• _Directions_
From the listing below, reproduce exactly the lines starting with the one with "Custom Aqua White-Black" and going on through the one with "INS hot boys", both ends kept. No picture is copied.

··· Exercise data

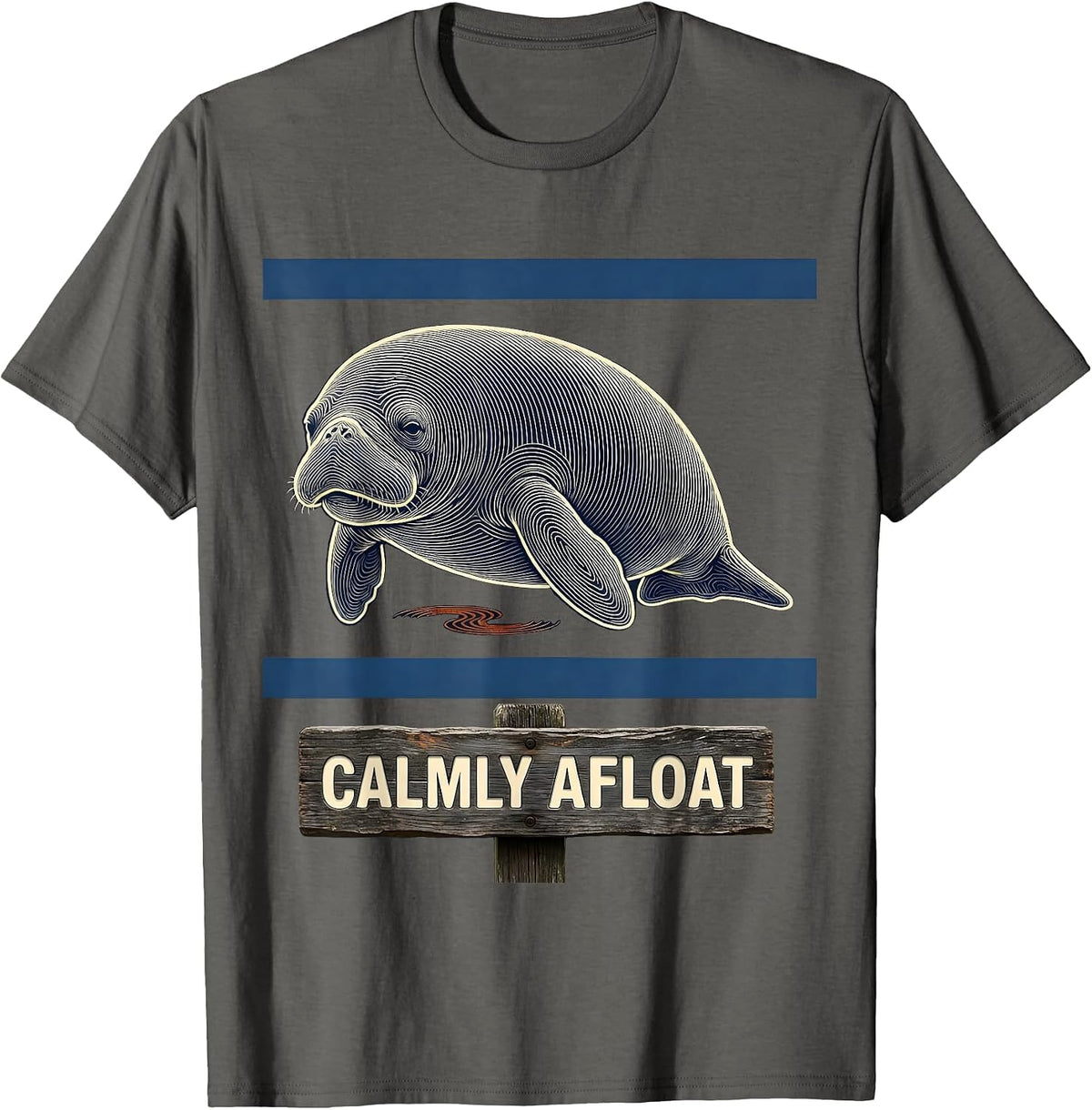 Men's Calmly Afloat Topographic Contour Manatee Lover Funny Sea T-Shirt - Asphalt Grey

······
··· Exercise data

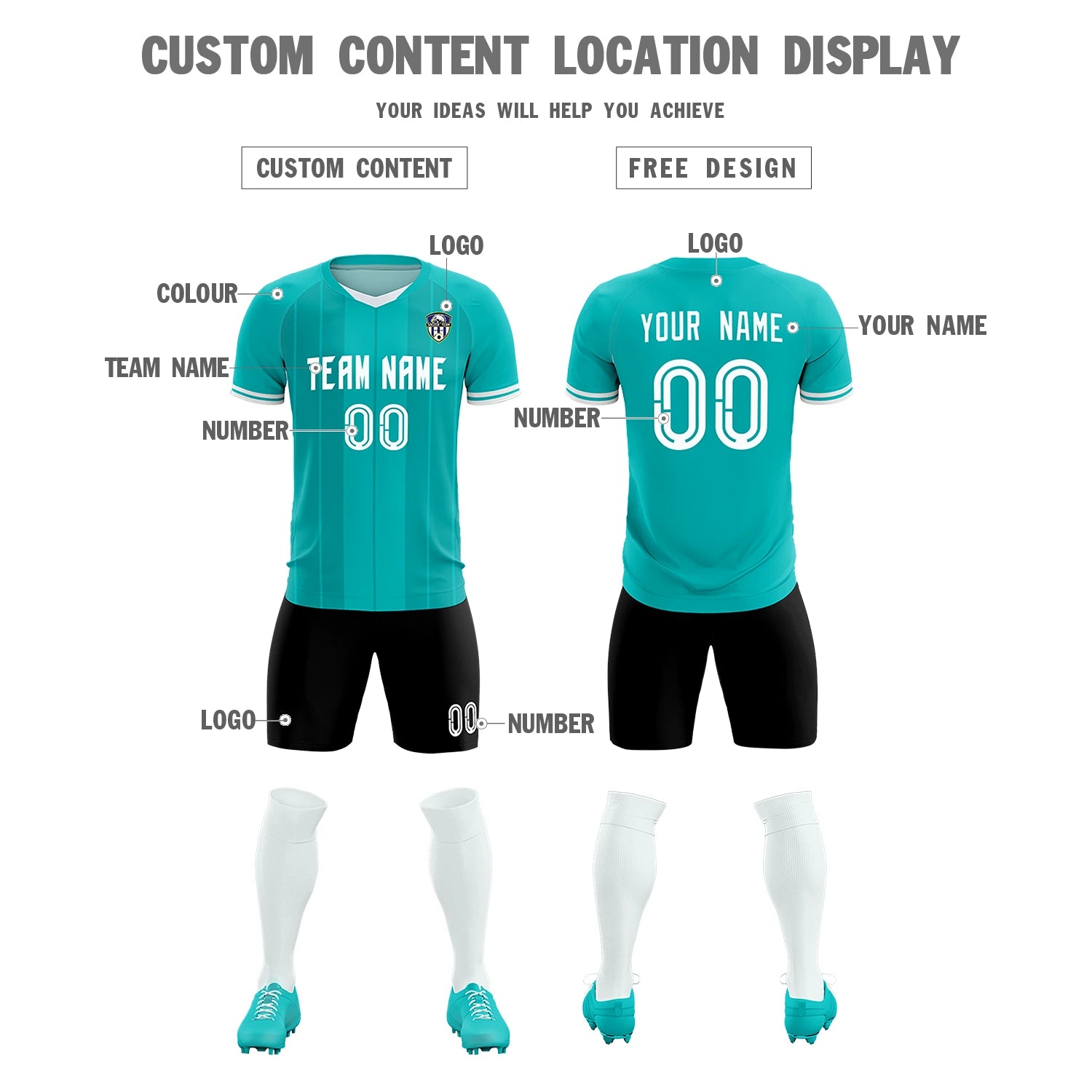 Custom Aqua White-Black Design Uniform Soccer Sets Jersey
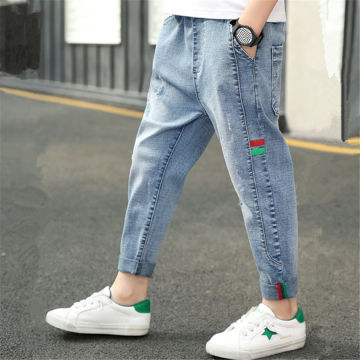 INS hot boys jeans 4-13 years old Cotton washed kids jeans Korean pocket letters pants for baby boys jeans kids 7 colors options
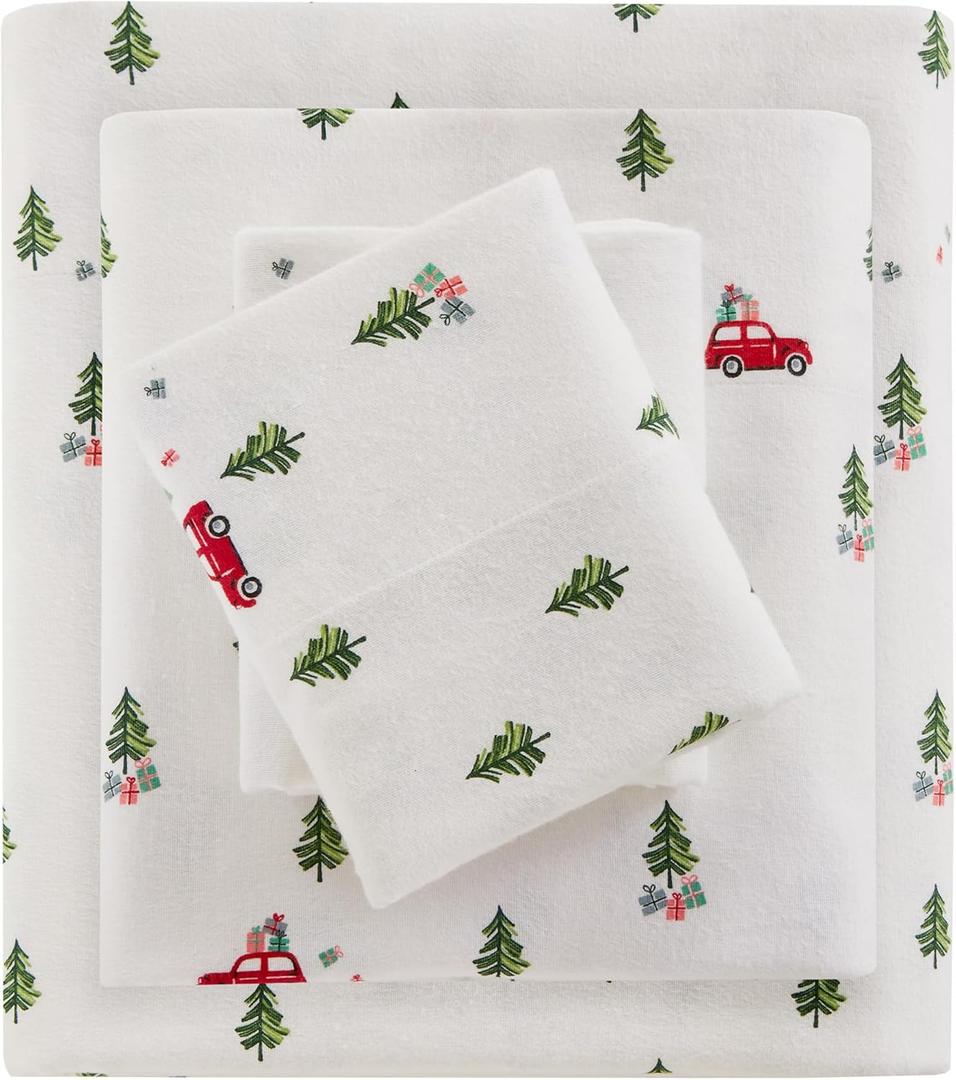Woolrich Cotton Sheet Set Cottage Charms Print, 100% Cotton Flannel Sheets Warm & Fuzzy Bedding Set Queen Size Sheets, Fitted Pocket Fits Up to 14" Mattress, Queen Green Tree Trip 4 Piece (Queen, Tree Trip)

······

• _Result below_
 Custom Aqua White-Black Design Uniform Soccer Sets Jersey
 INS hot boys jeans 4-13 years old Cotton washed kids jeans Korean pocket letters pants for baby boys jeans kids 7 colors options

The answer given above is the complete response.